WORK INSTRUCTIONS
In the data below, find the line with "CD30 Antibody (clone OTI16H5)" and the line with "面部吸脂有哪些部位？", then restate both and every line between them exactly, minus the pictures.

BEGIN MATERIAL PROVIDED

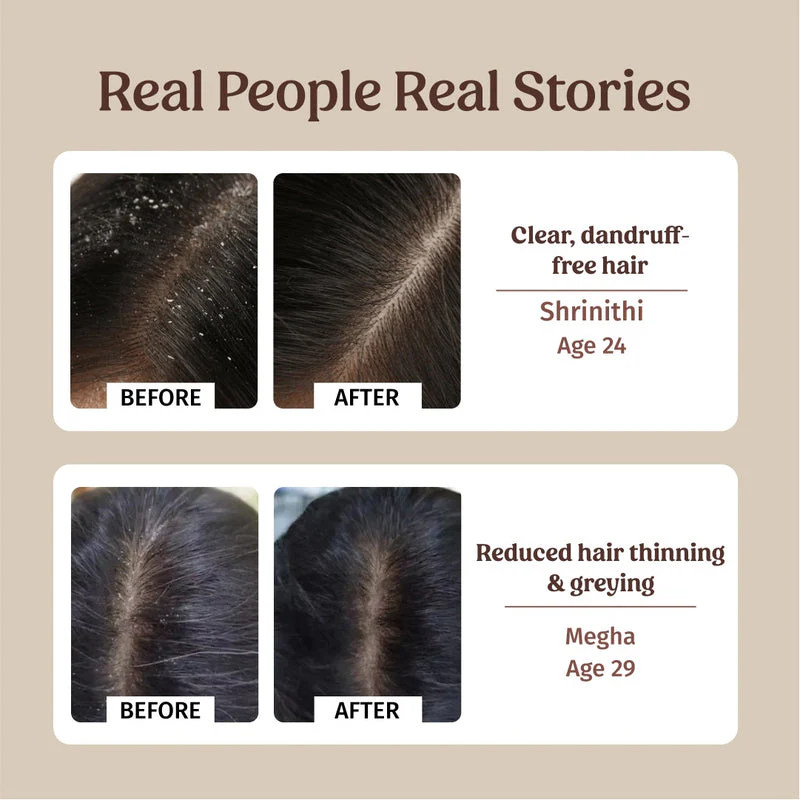 Anti-dandruff Kit - Image 4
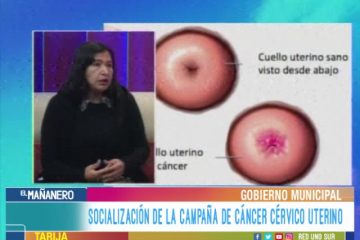 CÁNCER CERVICOUTERINO O CÁNCER DEL CUELLO DEL ÚTERO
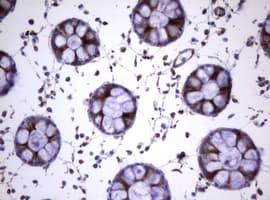 CD30 Antibody (clone OTI16H5)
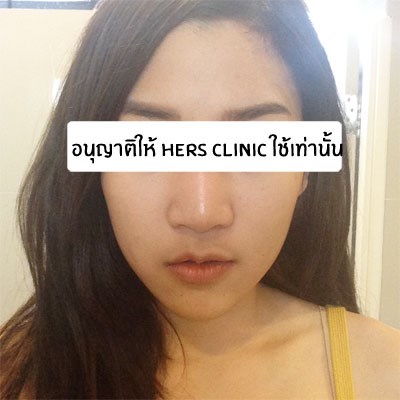 Cô thường xuyên uống thuốc giúp tăng cường kháng chất trong vòng từ 2-3 tháng.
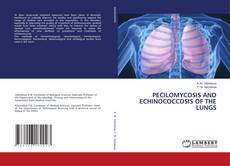 Couverture de PECILOMYCOSIS AND ECHINOCOCCOSIS OF THE LUNGS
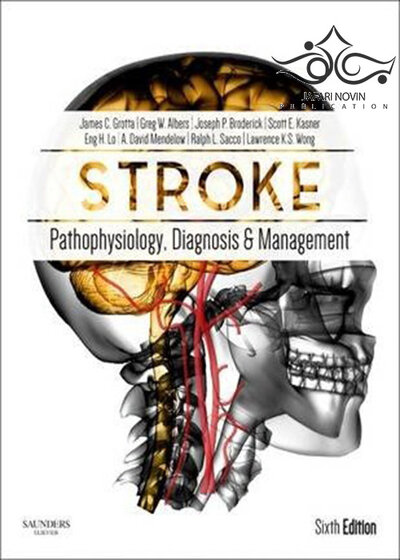 Stroke: Pathophysiology, Diagnosis, and Management 6th Edition2015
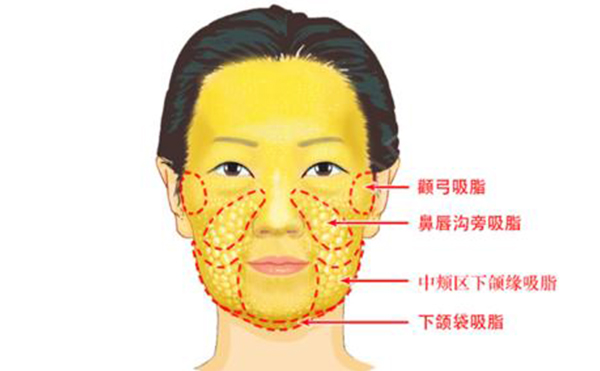 面部吸脂有哪些部位？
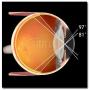 Volk 78D General Diagnosis and Laser Treatment Lens in Case with Manual Part # V78C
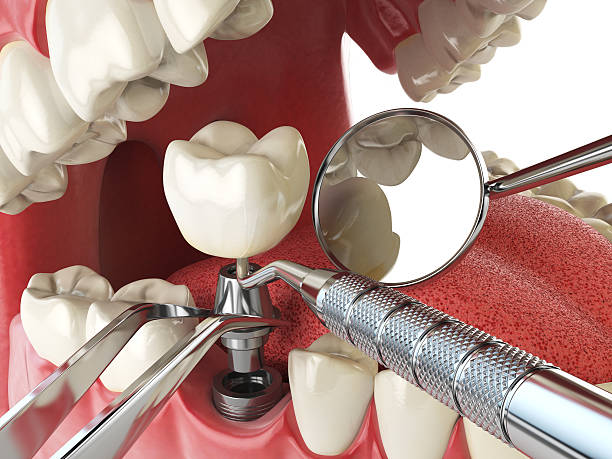 Best Emergency Treatment for Oral Infections in Centerport, NY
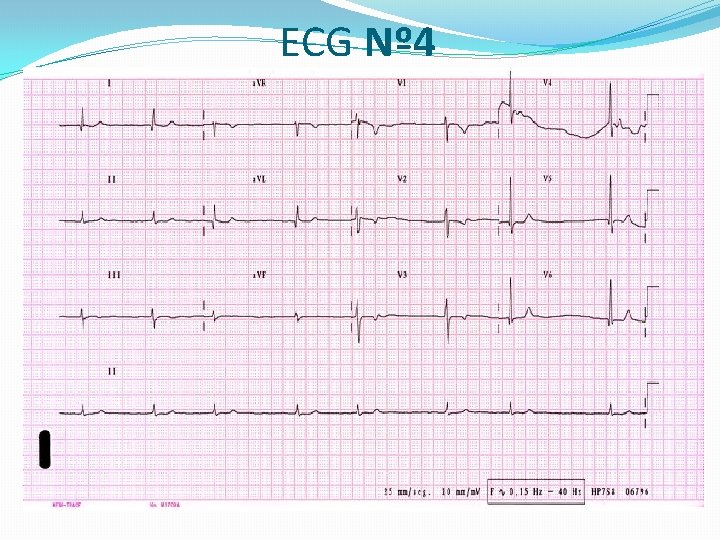 ECG Nº 4 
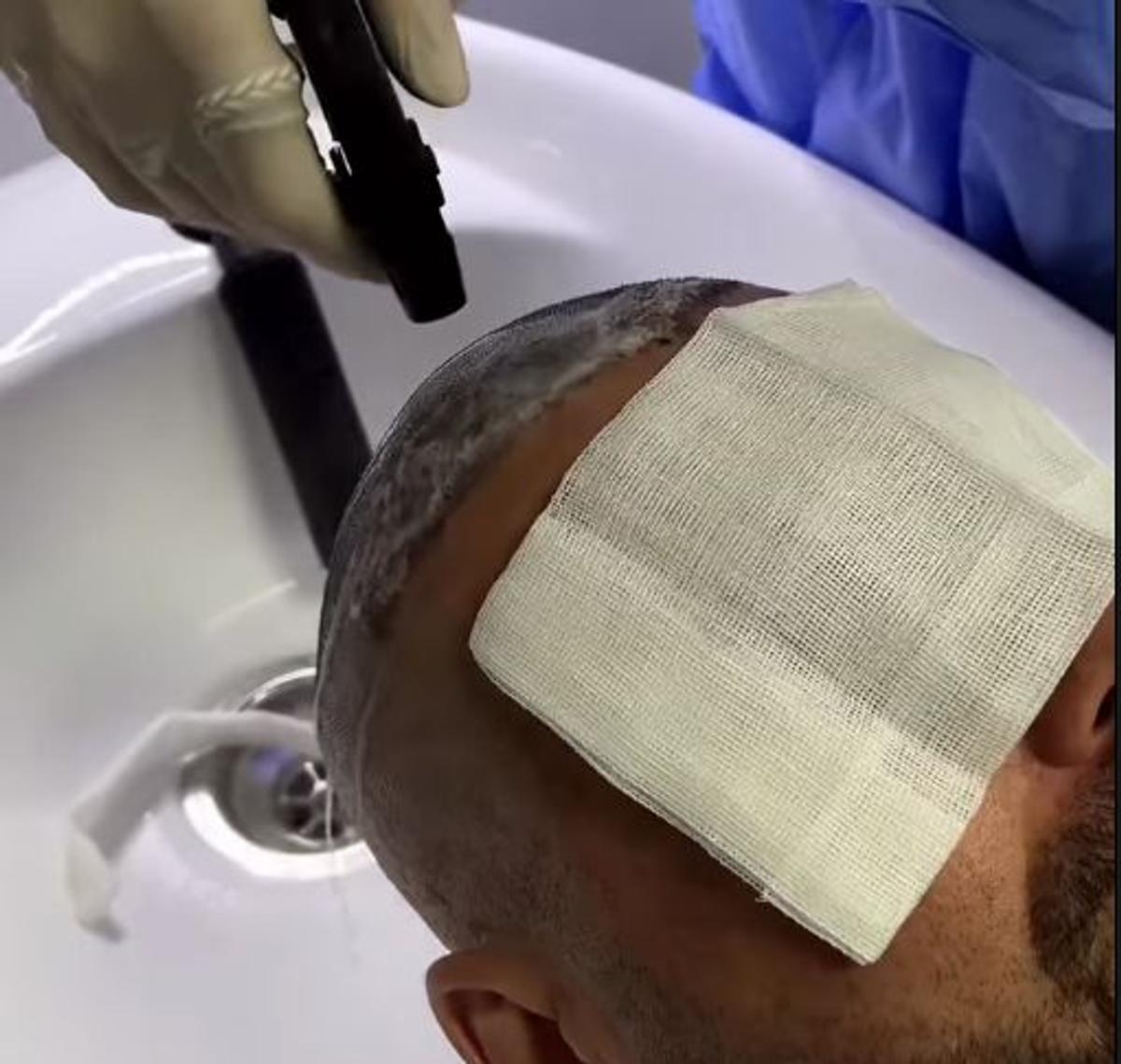 Adrian Mutu, la prima apriție publică după ce și-a făcut implant de păr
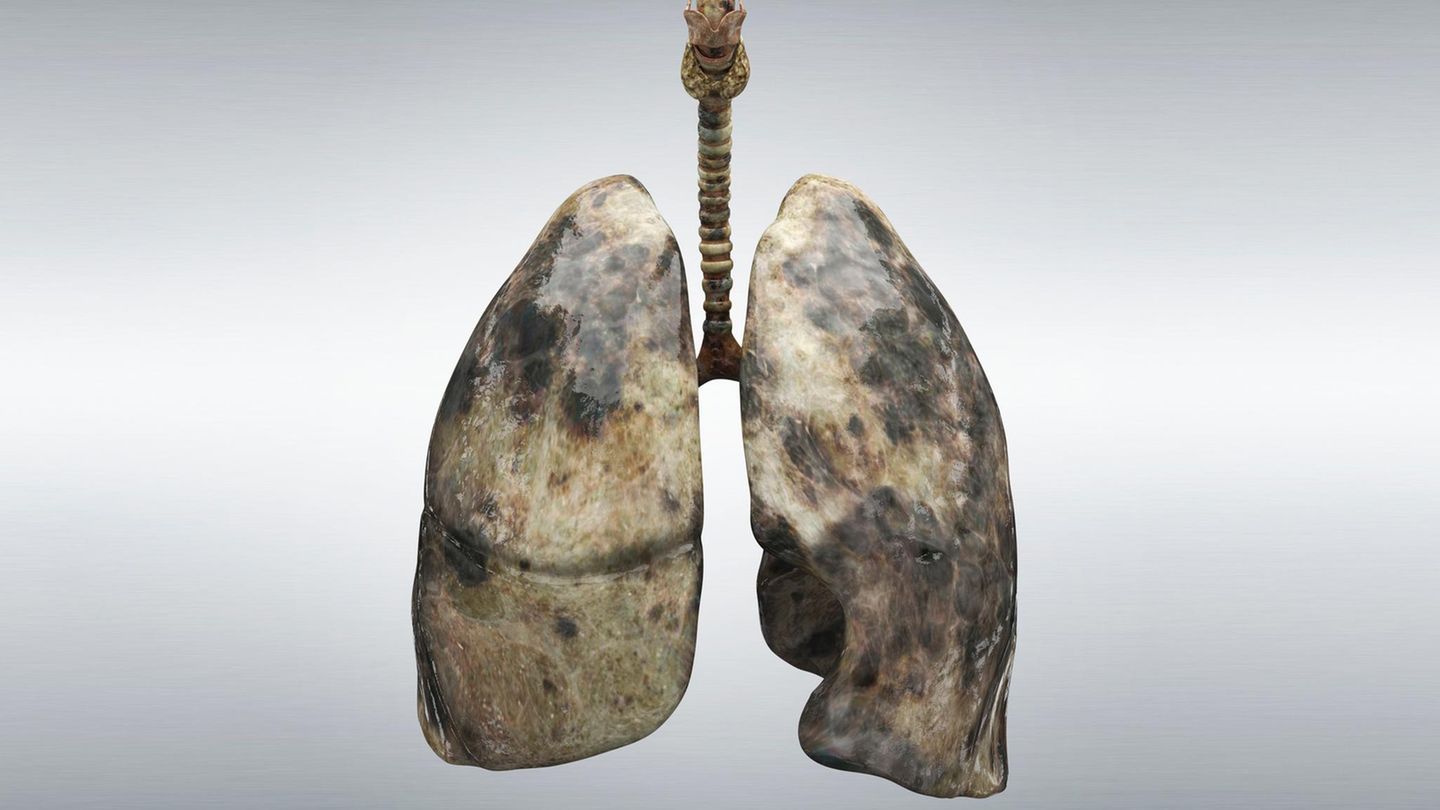 Bild der Lunge eines starken Rauchers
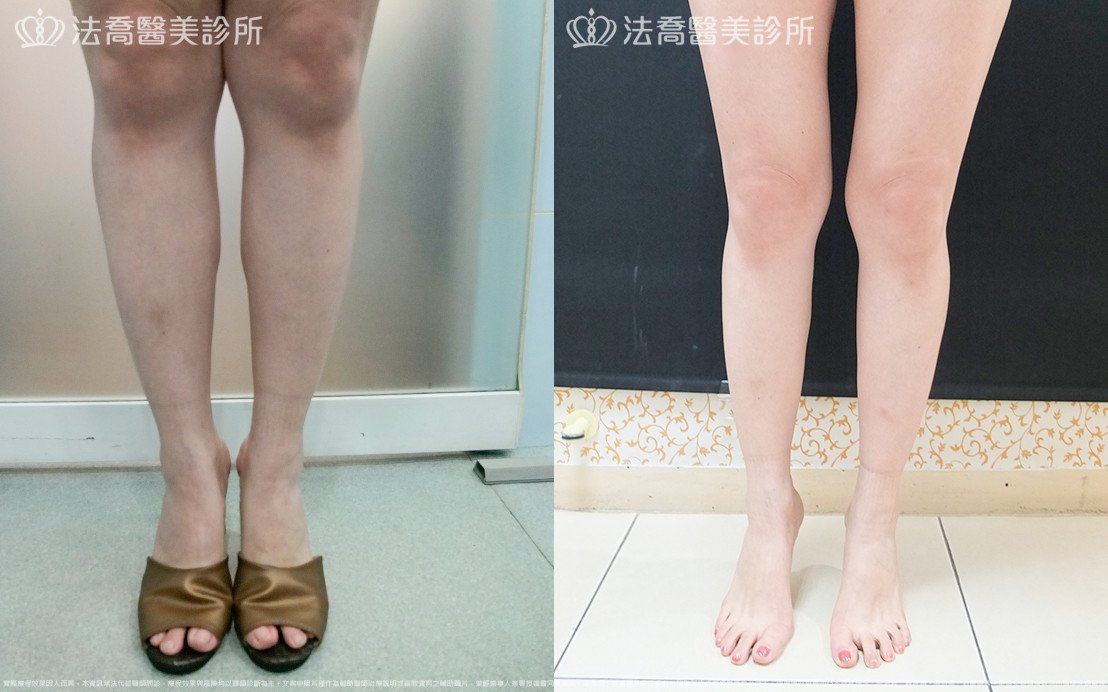 法喬醫美診所,邱浚彥,小腿神經截斷術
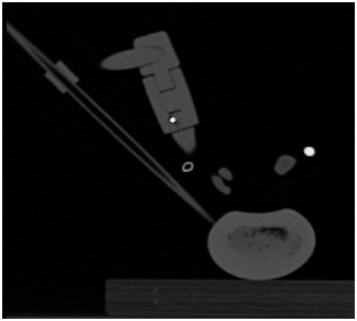 Spinal Cavity Creator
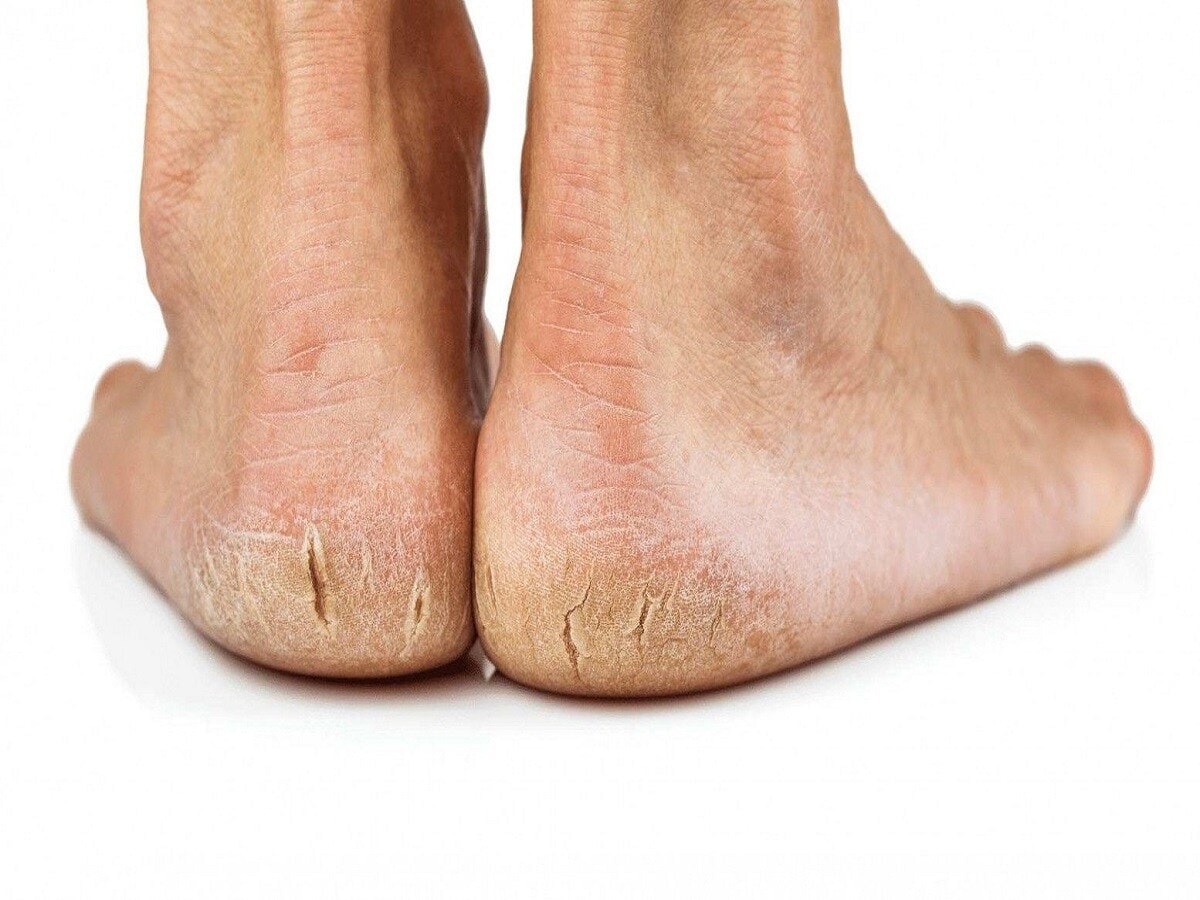 Understanding Diabetic Foot Problems: Causes and Solutions for Dry, Cr -  SkinIntegra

END MATERIAL PROVIDED

RESULT FOR THIS EXERCISE
 CD30 Antibody (clone OTI16H5)
 Cô thường xuyên uống thuốc giúp tăng cường kháng chất trong vòng từ 2-3 tháng.
 Couverture de PECILOMYCOSIS AND ECHINOCOCCOSIS OF THE LUNGS
 Stroke: Pathophysiology, Diagnosis, and Management 6th Edition2015
 面部吸脂有哪些部位？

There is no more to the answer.